Decided: May 17, 1982.
ALEXANDER GOTTDIENER ET ALS., PLAINTIFFS-RESPONDENTS,
ALFRED J. LUCIANO ET ALS., DEFENDANTS-APPELLANTS
On appeal from Superior Court, Law Division Union County.
Antell and Furman.
[185 NJSuper Page 92]
At issue on this appeal is whether the judge below erred in allowing interest on a judgment only at the rate fixed by R. 4:42-11(a) and in denying the judgment creditor's application for the award of interest on the judgment at the considerably higher mean prime lending rate during the two year and three-month period of appellate review.
R. 4:42-11(a) provides as follows:
Judgments, awards and orders for the payment of money and taxed costs shall bear simple interest on the amount of the award at 12% per annum from the date of entry, except as otherwise ordered by the court and except as may be otherwise provided by law.
By amendment to the rule effective September 1981, the rate of interest on judgments had been raised from 8% to 12%.
Defendants urge their equitable entitlement to interest on the $565,115.73 judgment in their favor at the mean rate of interest prevailing in commercial transactions during this two-year and three-month period because they were deprived of the use of the money by plaintiffs, who were, thus, unjustly enriched.

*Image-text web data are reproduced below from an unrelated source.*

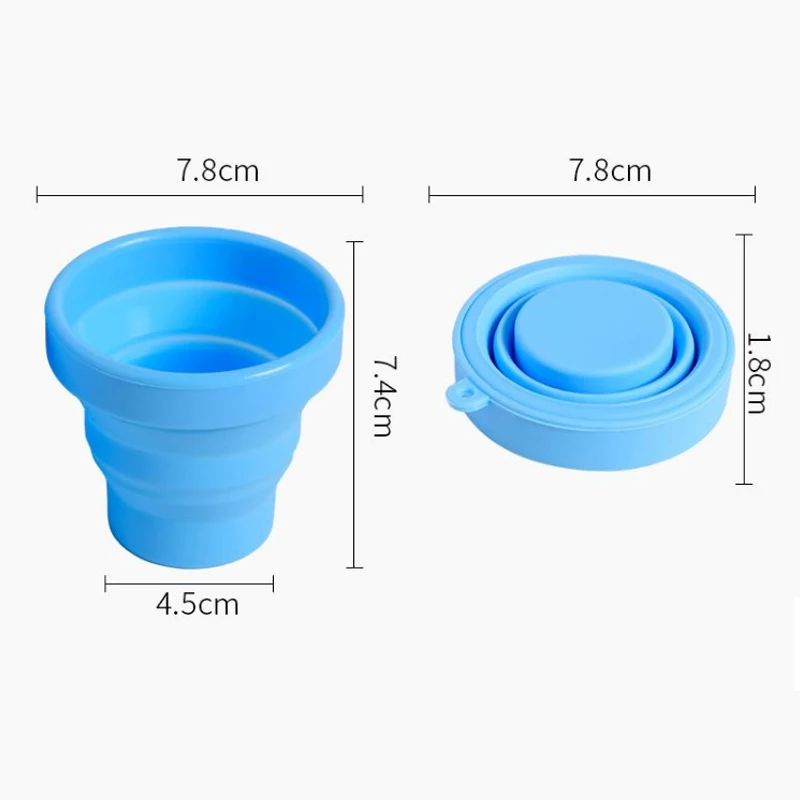 Портативная силиконовая Выдвижная складная чашка телескопическая для улицы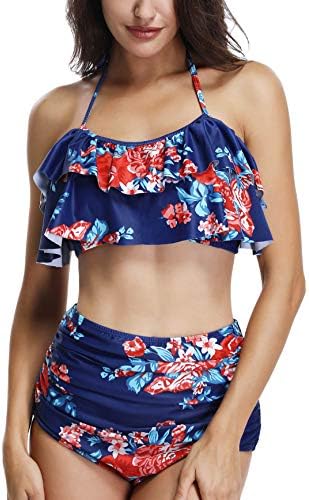 Women Retro Flounce High Waisted Swimsuit Halter Neck Vintage Bikini Set Swimwear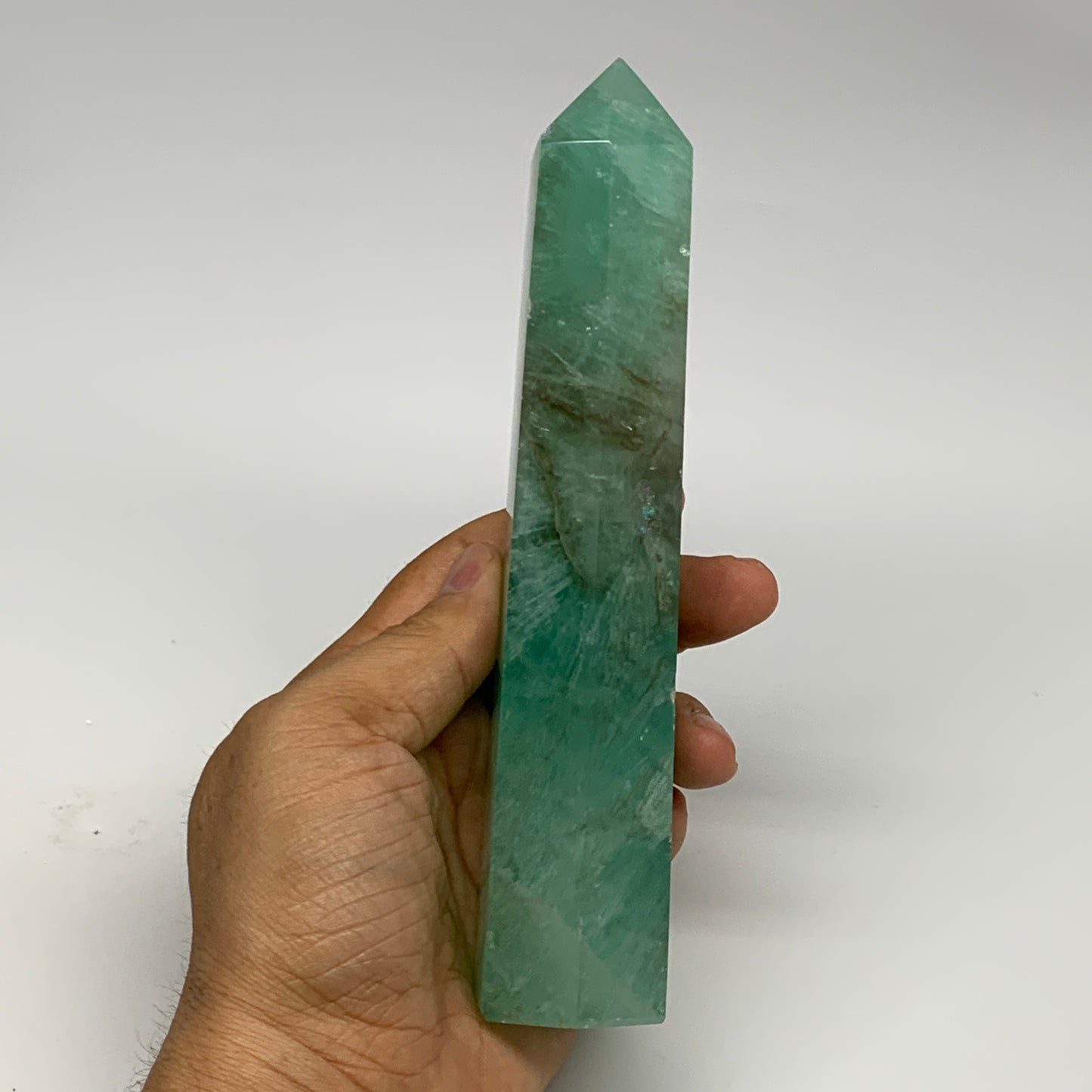 1.14 lbs, 6.9"x1.5"x1.3" Natural Fluorite Tower Obelisk Point Crystal, B29674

In rejecting defendant's claim the judge below noted no special equities favoring defendants over other judgment creditors. We agree. The court should not exercise its discretion to increase the rate of interest on a judgment above the rate fixed in R. 4:42-11(a) solely because the mean prime lending rate subsequent to the entry of judgment would have provided a higher return than the rate fixed in the rule. We point out specifically that plaintiffs partially prevailed on their appeal and that, at the time of entry of judgment, the rate of interest fixed in R. 4:42-11(a) approximated the prime lending rate; thus, we reject defendant's contention that plaintiffs were motivated to appeal in order to benefit from a favorable interest rate on judgments during the pendency of the appeal.